Is there a way to set up Kafka message format in AVRO instead of JSON?


#1

I set up Filebeat send outputs to Kafka.
I would like the kafka messages are in Avro format instead of JSON format.
I am wondering what is the easiest way to achieve this if possible?

thanks!
yan


(Steffen Siering) #2

AVRO is not supported by beats. With each message having to potentially store the schema with the message, AVRO would be of limited use though.


#3

thanks for the clarification!
hmm, it is true that "With each message having to potentially store the schema with the message", it is rarely the case in practice, especially in the case of shipping out log messages in filebeat, all my log messages follows single schema.
In this case, AVRO would be more efficient than JSON, since every JSON message needs carry the all field names?

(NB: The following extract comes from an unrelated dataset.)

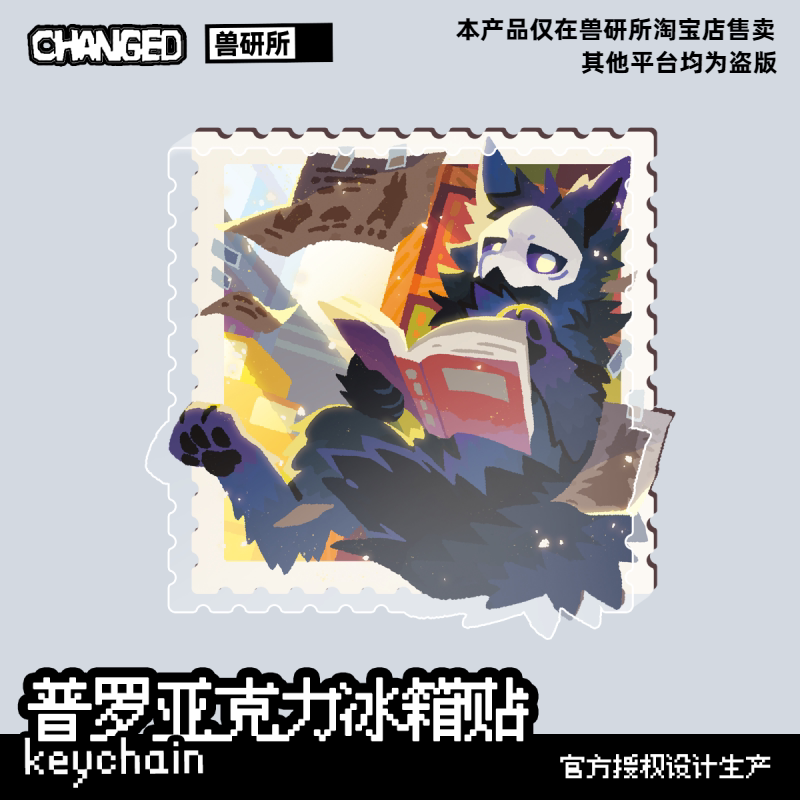 changed 普罗磁吸冰箱贴 furry福瑞控胶兽化实验室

or maybe I mis-interpret how transfer AVRO works in kafka? does kafka allows pre-register schema, or it needs to carry schema in each kafka message?


(Steffen Siering) #4

Kafka does not care about the encoding of it's events. An event is just some binary data. Plus, kafka is not a pure single-queue, but acts more like a distributed append only storage. With distributed I mean, even a topic you publish too is partitioned, with every partition being an append only storage/queue itself. You can start/add an alternative consumer-group at any time. This might require your consumer to support different schema versions to support historical and new data at the same time (depends how long data are held in kafka and which offset you start reading).

Beats output is not filebeat only, but must serve all beats use cases. But even filebeat has no set schema + even the meta-data we add might change in the future. These might require changes to the schema. Some already available features changing the actual events schema: add docker metadata (including labels), add kubernetes meta-data, custom fields/tags, drop_fields, include_fields... That is, we would have to dynamically determine the actual schema in the output. With encodings like JSON, the schema is implicit and dynamic -> problem solved :wink: .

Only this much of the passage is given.